Grades are meant to reflect what a student understands. If they are not allowed to perform this very basic function, what good are they? Universities need to be as dedicated to standards as they are to producing graduates. They are useless institutions if they take in students only to spit-shine them and pronounce them competent. Whatever the political pressure, grades need to mean something.
Then there are athletic "scholarships," which are questionably ethical. Paid athletes? Even more questionable. Coaches making more than presidents? Depressing. The Tostitos Fiesta Bowl, brought to you by Tostitos? Sickening. Corporate sponsorship of athletic events is by itself a relatively harmless phenomenon, but the slope is too slippery in higher education, as universities desperate to cut corners compete for private sponsorship. Perhaps it is only a matter of time before Starbucks and Pepsi logos are plastered on our lecture hall plaques and university pens.
There is no shortage of stupidity to discuss. Take tenure, for example. At many institutions, it doesn't even make sense. Publishing well-researched, articulate, if not brilliant compositions in obscure, unread journals will cease to do anyone much good in the 21st century, as more people enter and graduate college than ever before. These multitudes of people need to be taught by educators, not researchers.

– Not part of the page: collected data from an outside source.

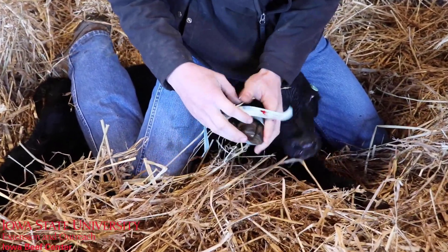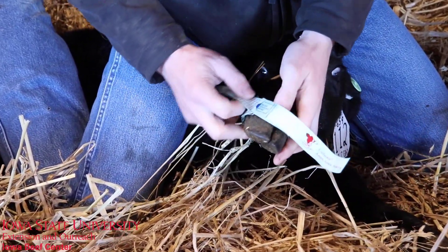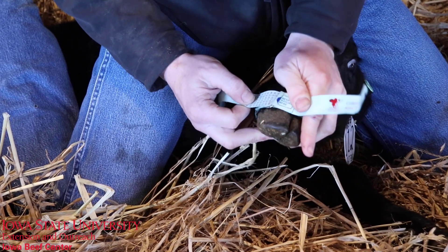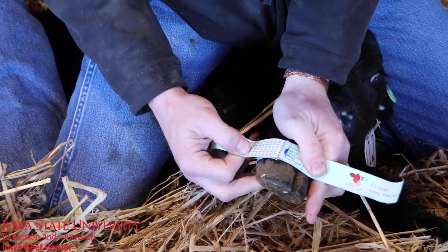We use a calf scale tape to determine the birth weight on all our calves out here at the Beef Teaching Farm. We use our calf scale tape to take a birth weight similarly to how we would with a spring scale measurement.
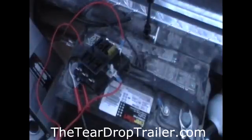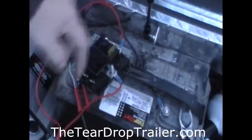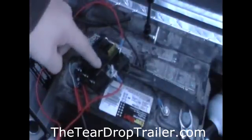Hey folks, this is Steve at theteardroptrailer.com. Just wanted to show you really quickly the six position fuse and circuit panel. It accepts blade type ATC style fuses — these little guys here. You'll see there are actually six holes.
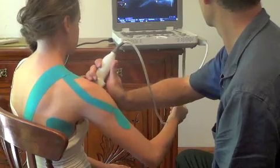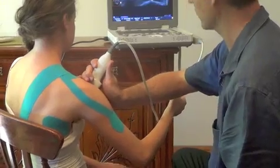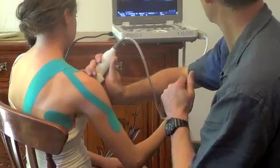Also, you can tape the shoulder to facilitate correct activation patterns and reassess if the bursa and/or tendon is still impinging with functional activities.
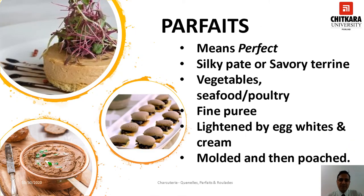Parfaits. This is the French term that means perfect. In culinary usage, it refers to distinct and different products. One is a frozen mousse-like dessert served in a tall glass. The other is a savory terrine which by its delicacy is almost near to perfection.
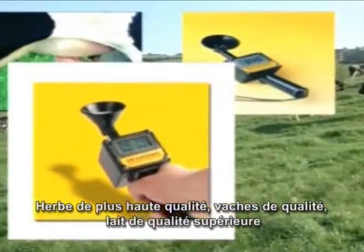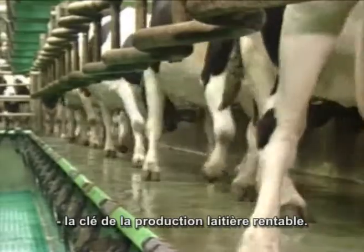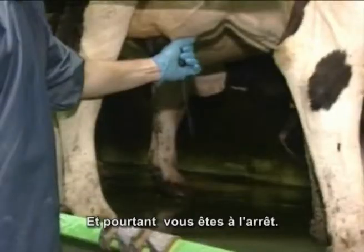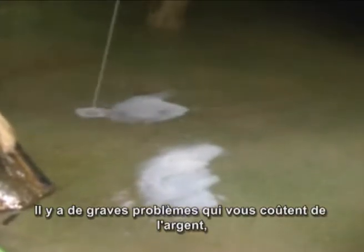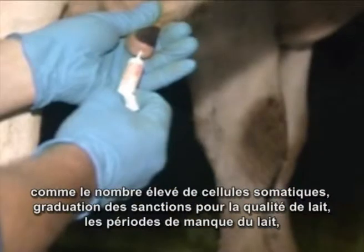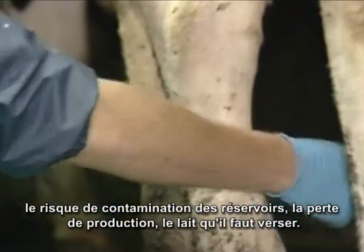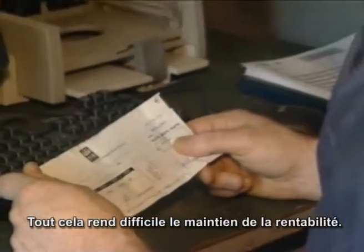Top quality grass, top quality cows, top quality milk — the key to profitable milk production. You're doing everything right, paying attention to every detail, following all the recommendations, but yet there are problems in your milking herd — serious problems which cost you money: high somatic cell counts, tough grading penalties, expensive treatments, withdrawal times, risk of bulk tank contamination, and serious loss of milk production — milk down the drain. All adds up to a very disappointing milk check.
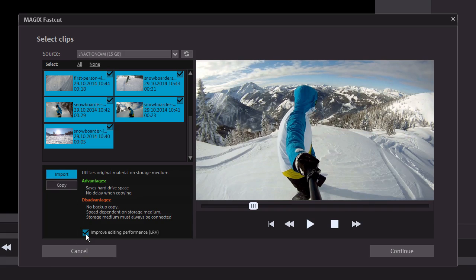To ensure a smooth preview, activate the Improve Performance for Editing feature during import. GoPro cameras automatically create so-called LRV files for most video formats. Magix FastCut can create these low-resolution files itself if you are using a different camera. Using these files makes editing much smoother. Despite their low level of quality, using these files for editing does not affect the quality of the final video, since the original files are used for export.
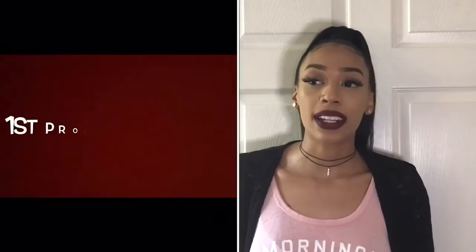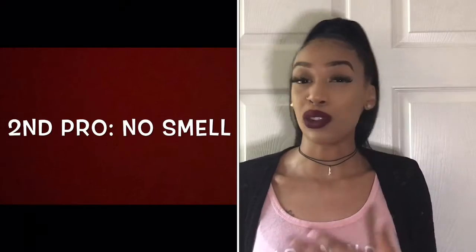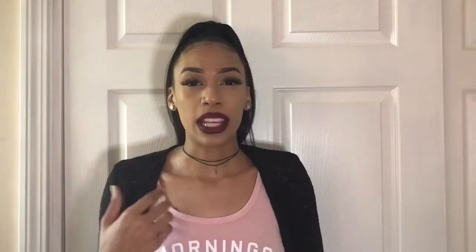Now I'm going to move on to the things I actually loved about the hair. First off, I love that shipping only took two business days — that was very fast. When I received the hair, I also liked the fact that there was no smell. Sometimes there can be an unusual or weird smell, but I did not have that with this hair.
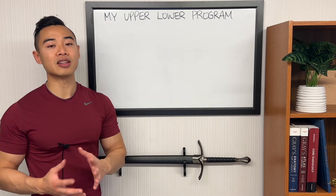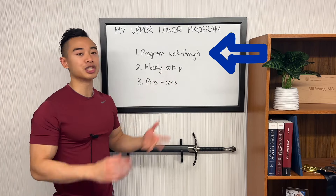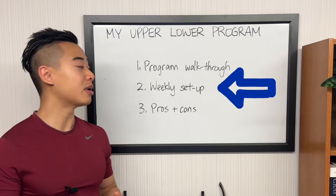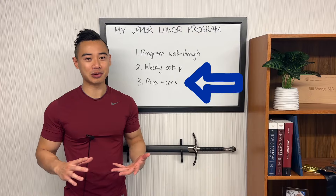Please note that if you're a beginner, a lot of the things I involve in this program may not apply to you. Hopefully it'll provide some insights as to how I set things up. We'll start with a program walkthrough, where I'll share all aspects of the program including exercises, sets, and reps. Next, we'll talk about my weekly setup, or how I lay workouts out across the week. And finally, we'll talk about pros and cons of my current upper-lower hypertrophy program.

Both kinds of professionals serve different functions and both of them need dependable employment. The problem is that political scientists, mathematicians, and philosophers can make great instructors but often do not. Given this, tenure needs to be seriously revisited by just about every institution of higher education. As it is, the process of getting promoted by virtue of what monograph gets published in some arcane journal is just medieval.
Luckily, SVSU has avoided indulging in some of these worrisome trends, like dodging bullets in No Man's Land. But it too faces many of the same hurdles other universities have stumbled over.
Higher education is broken. It needs to be fixed. Now.